Pelosi’s visit to Taipei is thus not quite the inflammatory provocation or unprecedented insult that China or its Western supporters suggest.

But once her visit was mooted, and China reacted ferociously with threats of retaliation, both sides were locked in to a course of escalation. Pelosi couldn’t withdraw from the visit for either domestic political reasons (being seen to back down to China) or for sound foreign policy reasons (giving Beijing evidence that the US will back down might encourage further aggression). Beijing was locked into treating the visit as a major event, far in excess of its offended reaction when US senators make their periodic visits to Taipei.

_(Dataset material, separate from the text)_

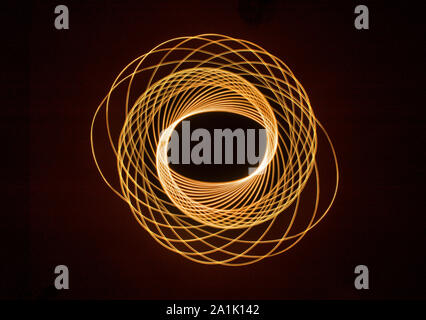 Light trails and patterns against black background Stock Photo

While Beijing’s ostentatious wrath is manifesting itself in missile launches and naval exercises around Taiwan, it’s unlikely to lead to open conflict. But it’s exactly how conflict might start: both sides being unable to credibly back down in the face of provocations by the other, with a lack of off-ramps for the US or China to de-escalate without suffering humiliation.

The stakes would be significantly lower if Chinese President Xi Jinping hadn’t repeatedly indicated he is anxious to return Taiwan to tyranny as soon as possible — certainly ahead of the centennial of Nationalist forces fleeing to the island in 1949. And if Russia wasn’t engaged in a similar imperialist exercise of trying to occupy Ukraine, which the Putin regime regards as historically Russian as well.

The Biden administration line remains the same as that of previous administrations — it has not indicated whether it would commit military forces if China sought to invade Taiwan, merely that it would intervene militarily, which might extend only to logistics, arms and intelligence assistance.

The pro-Taiwan section of Congress has never liked strategic ambiguity. But it remains the formal US position. Like the overall tension with China, that tension won’t be going away. It’s an artefact of a democratic system — and thus possibly hard for Xi to comprehend.